And now this old man has droned on long enough.
EXERCISE
See what you can identify in your own work that you can lose for the duration of a tale. Might it be the influence of other writers, even possibly this one? Alternatively, if you’ve developed a strong voice of your own, might you try adopting a different one where it may be more eloquent? Or could you experiment with doing without sparseness of style if that’s already characteristic of your prose? There’s nothing wrong with taking risks in your work—they can make you more of a writer. Good luck! Just never do without writing!
DAVID BRIN
A Long and Lonely Road
DAVID BRIN is a New York Times best-selling author as well as a scientist and inventor. With books translated into twenty-five languages, he has won multiple Hugo, Nebula, and other awards. A film directed by Kevin Costner was based on his novel The Postman. Brin is also known for his Uplift series (Random House). His new novel from Tor Books is Existence.
Writing is about half skills that you can learn. The remaining fifty percent—as in all the arts—can only arise from something ineffable called talent. For example, it helps to have an ear for human dialogue. Or to perceive the quirky variations in human personality and to empathize with other types of people—including both victims and villains—well enough to portray their thoughts and motives. Sure, hard work and practice can compensate somewhat for areas of deficient talent, as in any realm of human endeavor. But only up to a point.

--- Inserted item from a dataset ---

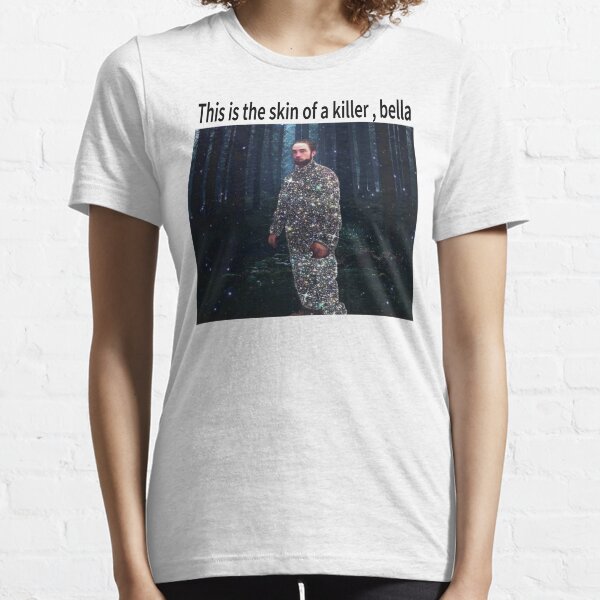 this is the skin of a killer bella shirt , with high resolution ( Available on every kind of product at a low price) , standing in kitchen funny meme gift , Essential T-Shirt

In other words, no matter how dedicated you are, success at writing may not be in the cards. Talents are gifts that we in this generation cannot yet manipulate or artificially expand. So don’t beat yourself up if you discover that part lacking. Keep searching till you find your gift.
All right then. Let’s assume you do have at least the minimum mix of talent, ambition, and will. Let me now offer a few tidbits of advice—pragmatic steps that might improve your chances of success, in speculative fiction or any other realm of writing.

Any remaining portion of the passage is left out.